A ministra Cármen Lúcia, porém, depois de reconhecer que não está previsto na lei que um réu possa apresentar suas alegações finais depois dos outros réus, considerou que “nesse caso, temos uma grande novidade no direito. Não vejo que [os réus que firmaram acordo de colaboração e os que não firmaram] estejam na mesmíssima condição”.
No caso específico de Bendine, disse ela, “o processo chegou onde chegou por causa do colaborador”.
E concluiu com a observação de que, apesar de não estar explícito na lei, um juiz pode estabelecer prazos diferentes para cada réu apresentar suas alegações finais, pois também não existe lei que o proíba.

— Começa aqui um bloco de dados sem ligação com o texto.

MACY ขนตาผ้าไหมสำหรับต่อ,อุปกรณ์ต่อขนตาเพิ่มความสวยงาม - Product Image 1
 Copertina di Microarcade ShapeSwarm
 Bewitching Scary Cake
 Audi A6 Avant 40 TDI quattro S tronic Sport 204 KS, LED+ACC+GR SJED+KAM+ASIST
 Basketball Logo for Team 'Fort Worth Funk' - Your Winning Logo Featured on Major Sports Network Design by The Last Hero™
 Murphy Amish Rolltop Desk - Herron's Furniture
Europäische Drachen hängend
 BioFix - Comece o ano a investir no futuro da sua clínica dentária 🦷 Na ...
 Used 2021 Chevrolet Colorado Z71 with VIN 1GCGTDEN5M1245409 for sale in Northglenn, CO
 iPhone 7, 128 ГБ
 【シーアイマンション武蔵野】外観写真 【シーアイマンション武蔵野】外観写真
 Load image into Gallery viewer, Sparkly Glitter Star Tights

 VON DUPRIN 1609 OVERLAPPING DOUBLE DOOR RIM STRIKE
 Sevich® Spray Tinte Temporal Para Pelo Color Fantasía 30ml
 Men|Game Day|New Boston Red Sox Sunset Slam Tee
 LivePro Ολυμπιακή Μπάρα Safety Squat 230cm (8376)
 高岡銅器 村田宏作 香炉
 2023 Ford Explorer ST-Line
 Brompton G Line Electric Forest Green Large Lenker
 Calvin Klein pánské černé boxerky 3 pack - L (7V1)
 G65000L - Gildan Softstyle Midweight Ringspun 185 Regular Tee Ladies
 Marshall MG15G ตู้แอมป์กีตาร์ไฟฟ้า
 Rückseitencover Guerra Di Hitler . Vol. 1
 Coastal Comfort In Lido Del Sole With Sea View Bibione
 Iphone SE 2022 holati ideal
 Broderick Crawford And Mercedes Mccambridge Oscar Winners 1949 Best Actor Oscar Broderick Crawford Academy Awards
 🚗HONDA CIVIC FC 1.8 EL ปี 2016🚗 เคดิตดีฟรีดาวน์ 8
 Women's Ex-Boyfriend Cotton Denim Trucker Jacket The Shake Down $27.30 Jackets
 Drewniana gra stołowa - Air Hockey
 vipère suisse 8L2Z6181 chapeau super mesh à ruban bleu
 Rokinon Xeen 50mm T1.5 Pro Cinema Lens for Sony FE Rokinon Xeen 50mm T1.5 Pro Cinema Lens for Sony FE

O outro membro da segunda turma do STF, o ministro Celso de Mello, não votou porque encontra-se enfermo, com pneumonia.
O leitor pode estranhar que o mérito da questão – a culpa ou não de Bendine – não tenha sido abordada.
Mas o STF, da mesma forma que o STJ, não julga questões de mérito. Somente questões de procedimento dos processos – aquelas que afetam a Constituição, no caso do STF, ou a lei abaixo da Constituição, no caso do STJ.
Não nos parece absurdo que um réu, denunciado por outros, possa fazer suas alegações finais após aqueles que o denunciaram.
Embora, trata-se de algo, antes de tudo, formal, pois é evidente que o conteúdo da “colaboração premiada” de cada um, já era conhecida antes pela defesa de Bendine.
A importância dessa decisão é que ela muda o entendimento anterior, e, como aponta a nota da força-tarefa da Lava Jato, “se for aplicado nos demais casos da Operação Lava Jato, poderá anular praticamente todas as condenações, com a consequente prescrição de vários crimes e libertação de réus presos”.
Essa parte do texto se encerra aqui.